TASK GOAL: In the material below, the lines between the one holding "living room with ceiling fan" and the one holding "Canal front solid", inclusive, are to be set down word for word. Pictures stay out.
**** DATA PROVIDED
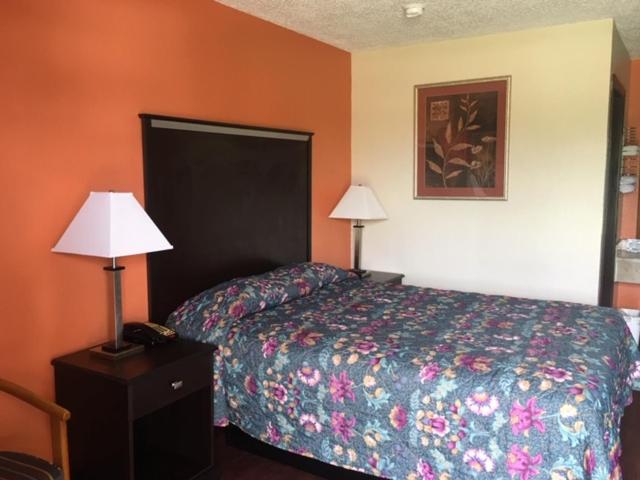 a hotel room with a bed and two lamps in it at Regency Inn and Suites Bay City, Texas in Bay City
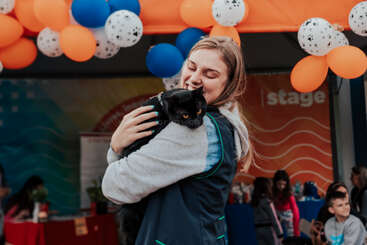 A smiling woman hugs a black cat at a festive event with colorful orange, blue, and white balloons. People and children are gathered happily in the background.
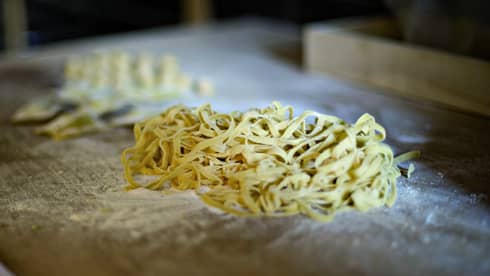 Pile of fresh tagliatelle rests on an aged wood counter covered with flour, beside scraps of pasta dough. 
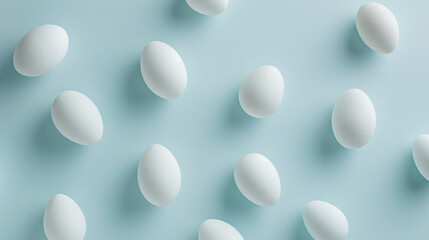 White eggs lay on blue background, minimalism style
********
**** DATA PROVIDED
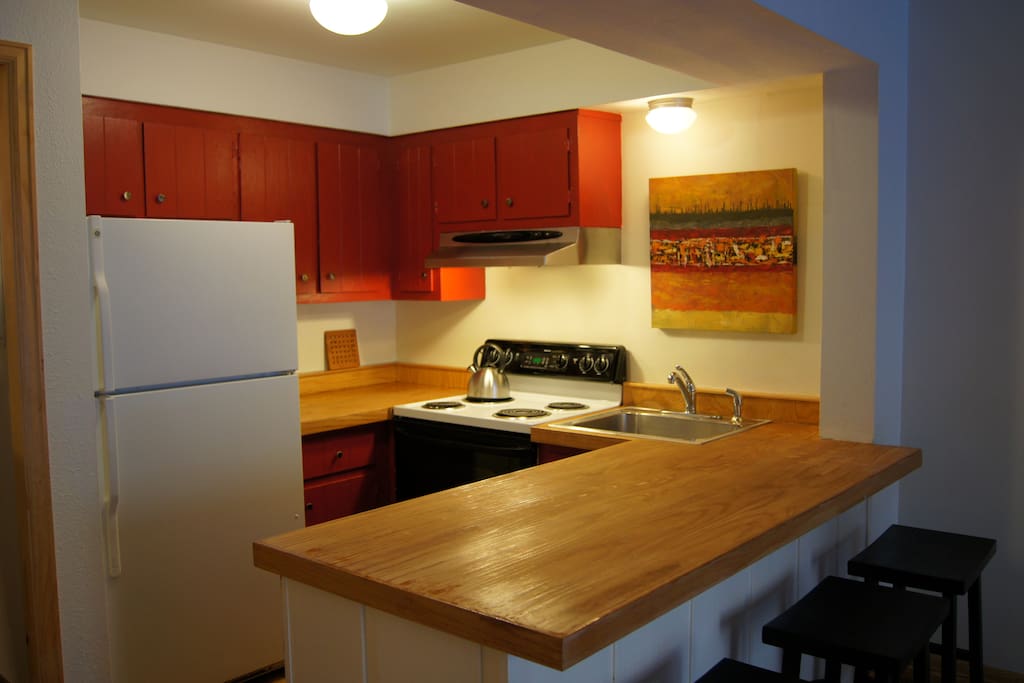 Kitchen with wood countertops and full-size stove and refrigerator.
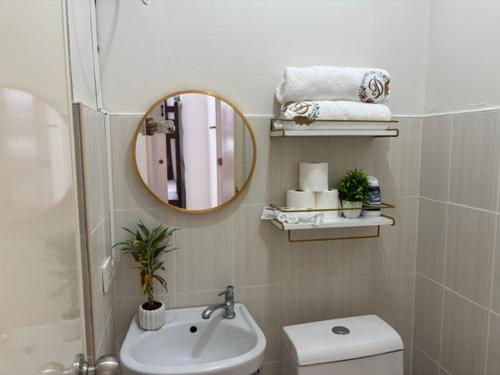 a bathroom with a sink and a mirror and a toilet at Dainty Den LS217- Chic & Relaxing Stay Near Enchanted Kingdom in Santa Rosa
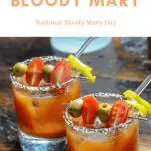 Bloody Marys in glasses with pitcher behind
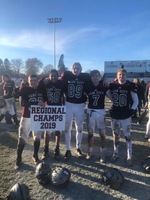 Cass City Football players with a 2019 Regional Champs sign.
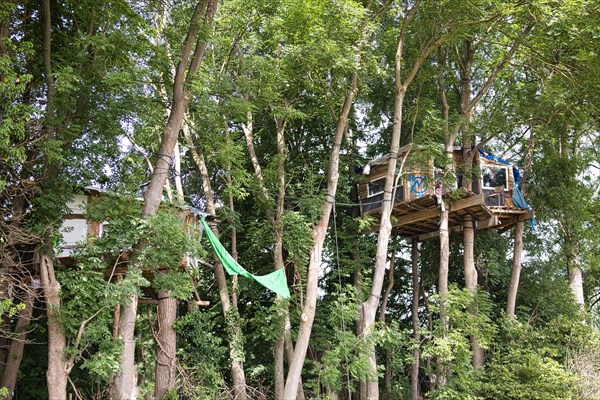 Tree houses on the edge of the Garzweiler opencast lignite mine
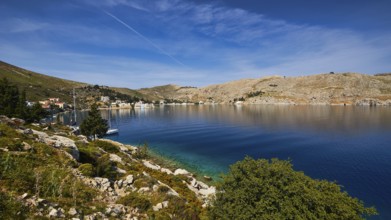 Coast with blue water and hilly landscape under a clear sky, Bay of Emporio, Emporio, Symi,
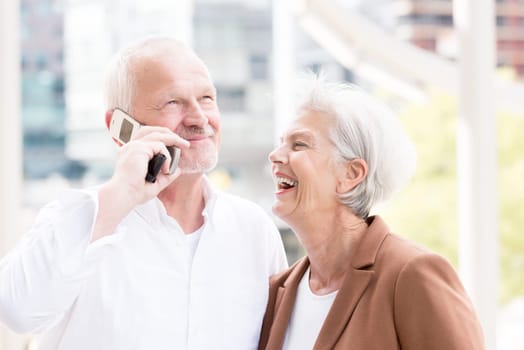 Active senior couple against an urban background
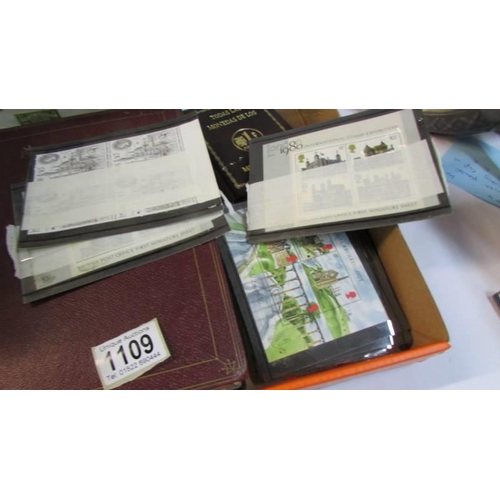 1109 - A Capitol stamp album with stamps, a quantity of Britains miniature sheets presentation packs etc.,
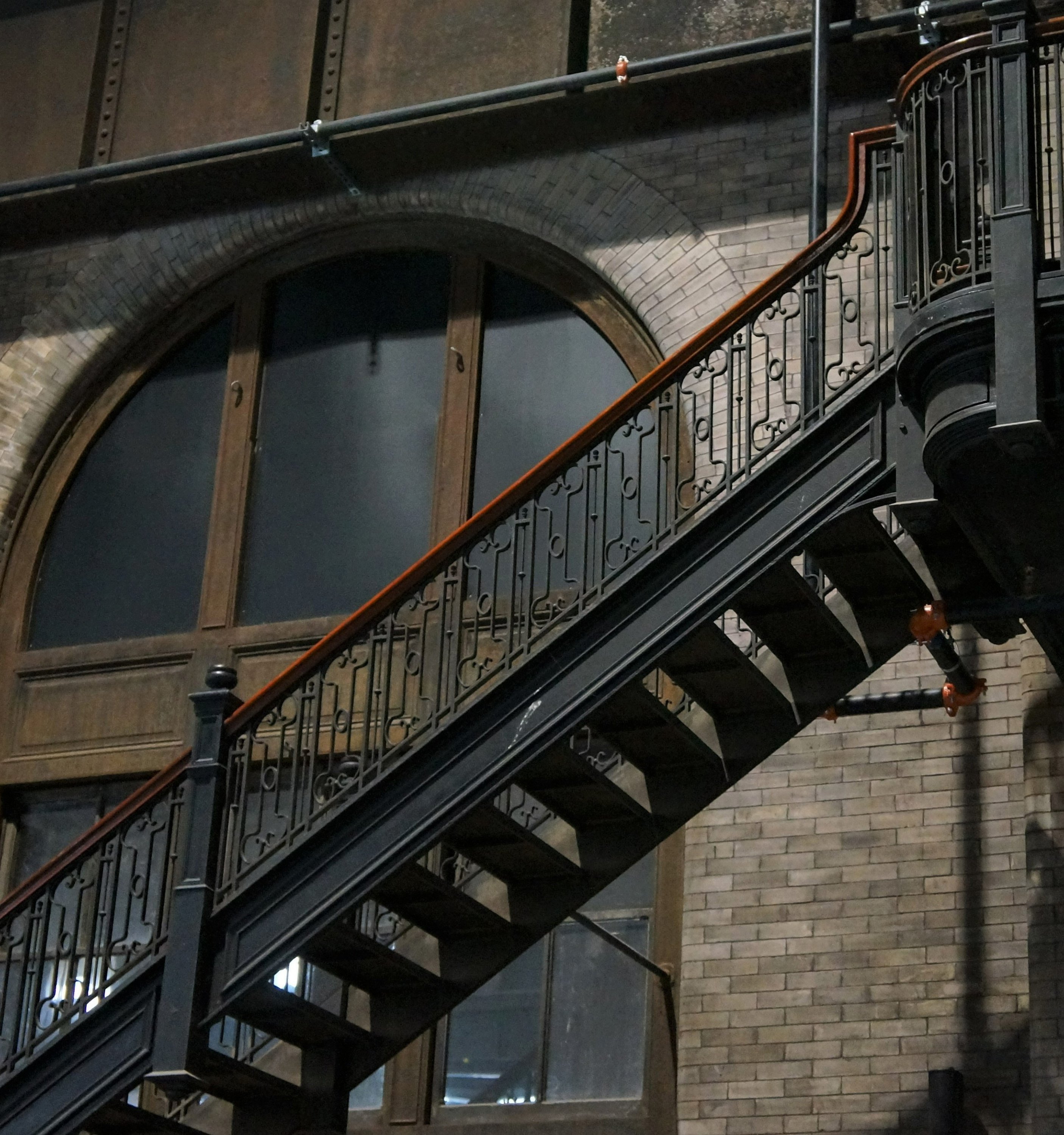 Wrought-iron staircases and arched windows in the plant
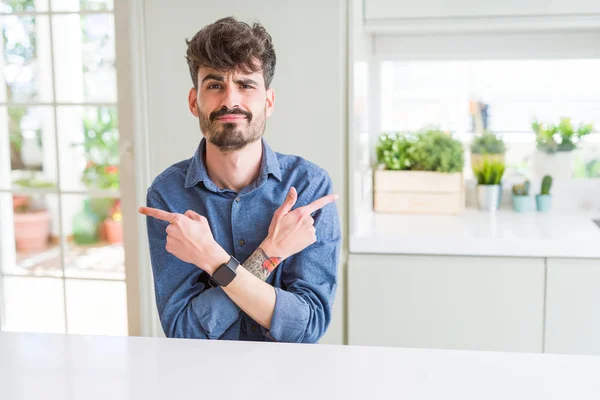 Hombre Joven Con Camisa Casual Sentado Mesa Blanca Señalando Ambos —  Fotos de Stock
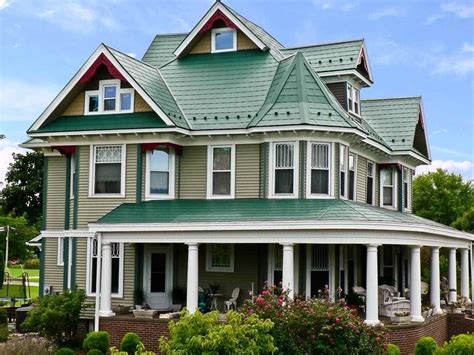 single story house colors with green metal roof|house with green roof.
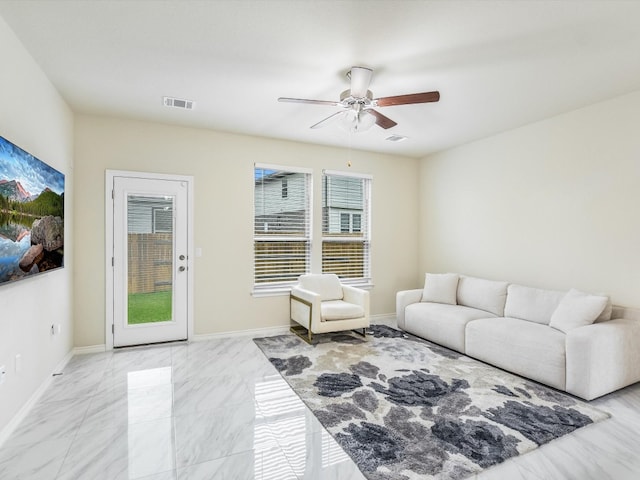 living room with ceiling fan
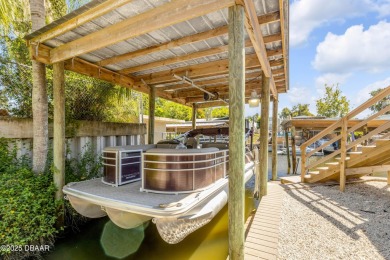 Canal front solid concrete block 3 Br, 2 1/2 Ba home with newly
********
THE COMPLETED TASK:
 living room with ceiling fan
 Canal front solid concrete block 3 Br, 2 1/2 Ba home with newly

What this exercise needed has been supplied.